START Data section

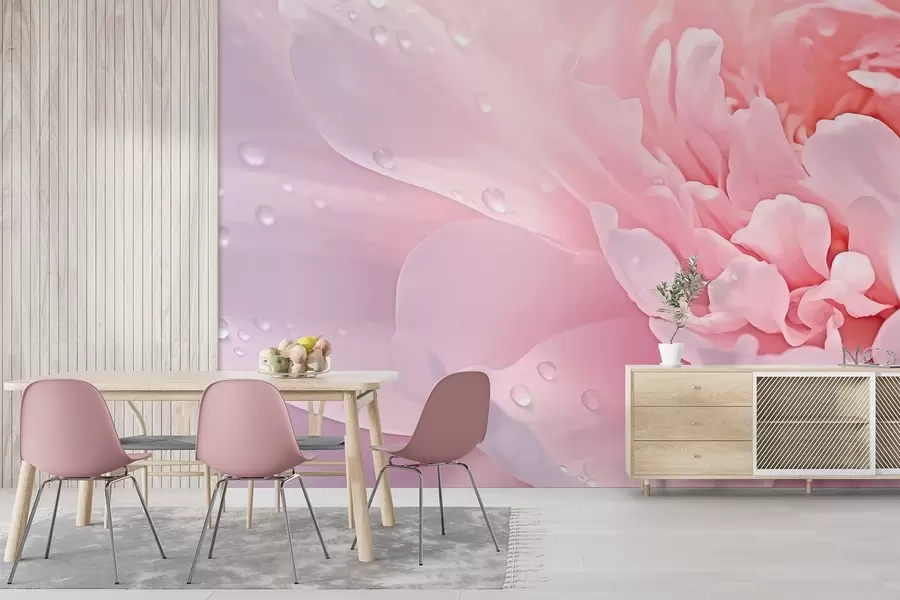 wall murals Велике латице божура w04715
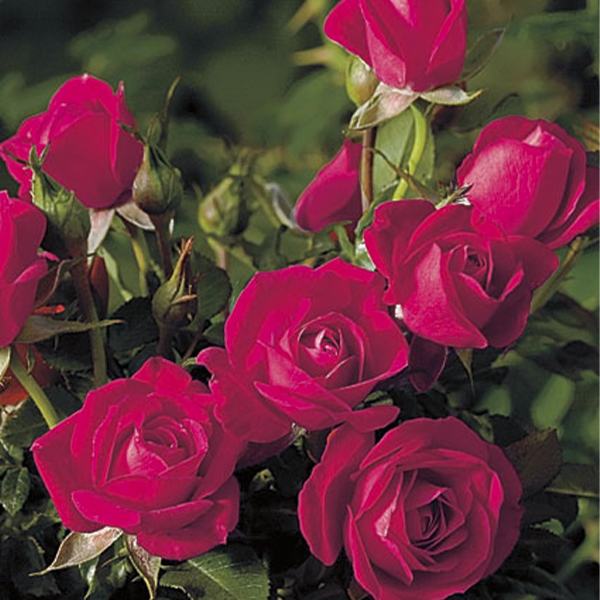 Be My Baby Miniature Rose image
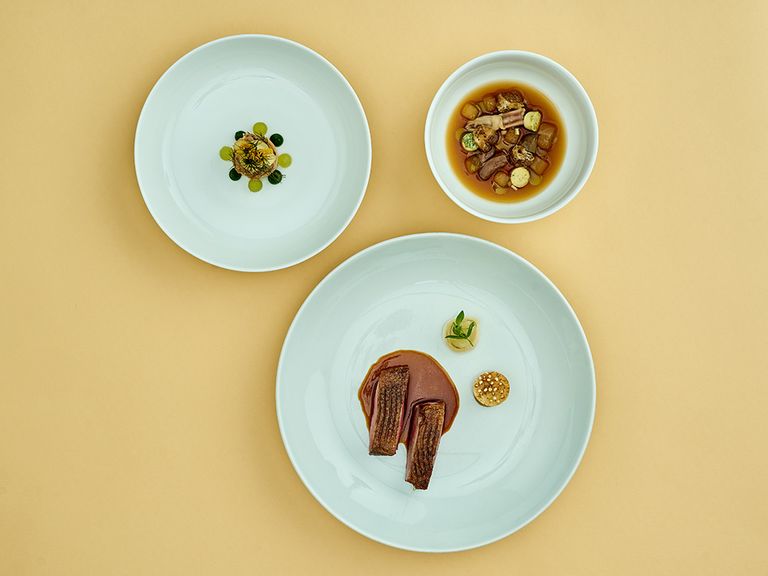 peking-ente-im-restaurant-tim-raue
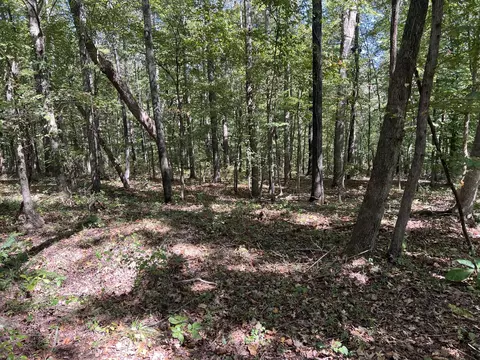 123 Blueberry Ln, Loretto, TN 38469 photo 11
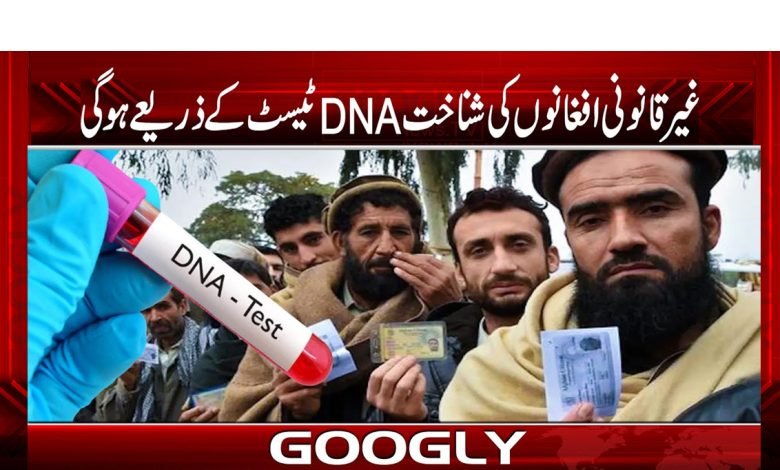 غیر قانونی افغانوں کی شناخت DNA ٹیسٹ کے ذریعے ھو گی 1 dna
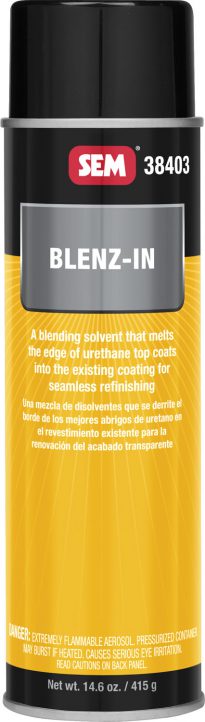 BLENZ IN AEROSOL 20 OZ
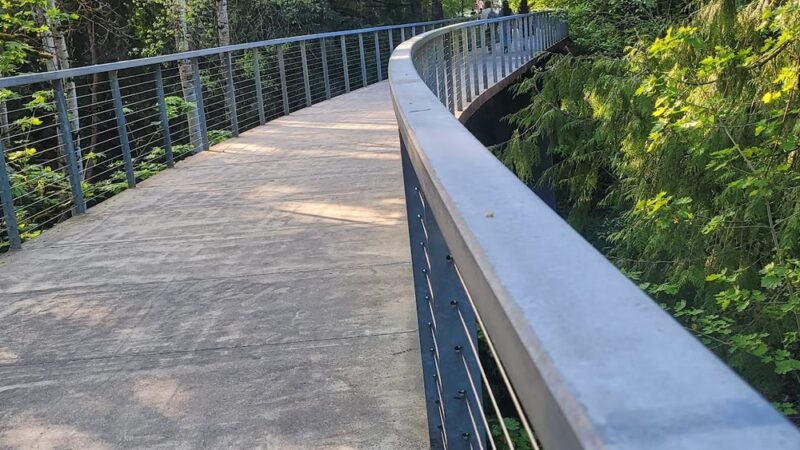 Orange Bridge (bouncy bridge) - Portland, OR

END Data section

→ **Work required**
Go to the line that contains "123 Blueberry Ln, Loretto, TN 38469 photo 11" and copy it and every line after it through the end of the entries, exactly, without the pictures.

→ **The answer**
 123 Blueberry Ln, Loretto, TN 38469 photo 11
 غیر قانونی افغانوں کی شناخت DNA ٹیسٹ کے ذریعے ھو گی 1 dna
 BLENZ IN AEROSOL 20 OZ
 Orange Bridge (bouncy bridge) - Portland, OR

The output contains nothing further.